From: Nico Pache <npache@redhat.com>
To: linux-mm@kvack.org, linux-doc@vger.kernel.org,
linux-kernel@vger.kernel.org, linux-trace-kernel@vger.kernel.org
Cc: david@redhat.com, ziy@nvidia.com, baolin.wang@linux.alibaba.com,
lorenzo.stoakes@oracle.com, Liam.Howlett@oracle.com,
ryan.roberts@arm.com, dev.jain@arm.com, corbet@lwn.net,
rostedt@goodmis.org, mhiramat@kernel.org,
mathieu.desnoyers@efficios.com, akpm@linux-foundation.org,
baohua@kernel.org, willy@infradead.org, peterx@redhat.com,
wangkefeng.wang@huawei.com, usamaarif642@gmail.com,
sunnanyong@huawei.com, vishal.moola@gmail.com,
thomas.hellstrom@linux.intel.com, yang@os.amperecomputing.com,
kirill.shutemov@linux.intel.com, aarcange@redhat.com,
raquini@redhat.com, anshuman.khandual@arm.com,
catalin.marinas@arm.com, tiwai@suse.de, will@kernel.org,
dave.hansen@linux.intel.com, jack@suse.cz, cl@gentwo.org,
jglisse@google.com, surenb@google.com, zokeefe@google.com,
hannes@cmpxchg.org, rientjes@google.com, mhocko@suse.com,
rdunlap@infradead.org, Bagas Sanjaya <bagasdotme@gmail.com>
Subject: [PATCH v8 15/15] Documentation: mm: update the admin guide for mTHP collapse
Date: Tue, 1 Jul 2025 23:57:42 -0600 [thread overview]
Message-ID: <20250702055742.102808-16-npache@redhat.com> (raw)
In-Reply-To: <20250702055742.102808-1-npache@redhat.com>
Now that we can collapse to mTHPs lets update the admin guide to
reflect these changes and provide proper guidence on how to utilize it.
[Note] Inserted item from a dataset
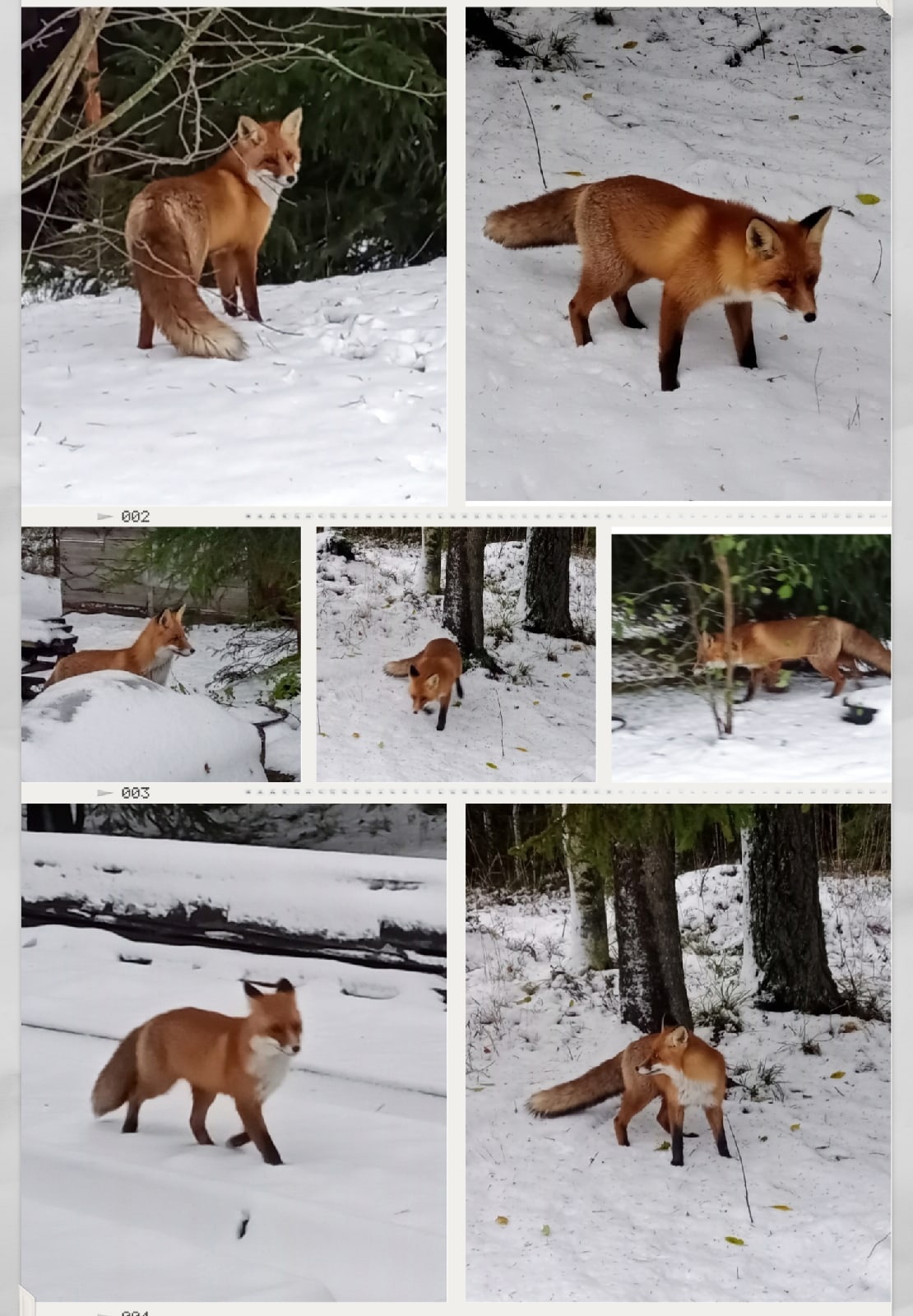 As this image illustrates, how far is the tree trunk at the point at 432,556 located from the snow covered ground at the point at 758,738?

Reviewed-by: Bagas Sanjaya <bagasdotme@gmail.com>
Signed-off-by: Nico Pache <npache@redhat.com>
---
Documentation/admin-guide/mm/transhuge.rst | 19 +++++++++++++------
1 file changed, 13 insertions(+), 6 deletions(-)
diff --git a/Documentation/admin-guide/mm/transhuge.rst b/Documentation/admin-guide/mm/transhuge.rst
index dff8d5985f0f..878796b4d7d3 100644
--- a/Documentation/admin-guide/mm/transhuge.rst
+++ b/Documentation/admin-guide/mm/transhuge.rst
@@ -63,7 +63,7 @@ often.
THP can be enabled system wide or restricted to certain tasks or even
memory ranges inside task's address space. Unless THP is completely
disabled, there is ``khugepaged`` daemon that scans memory and
-collapses sequences of basic pages into PMD-sized huge pages.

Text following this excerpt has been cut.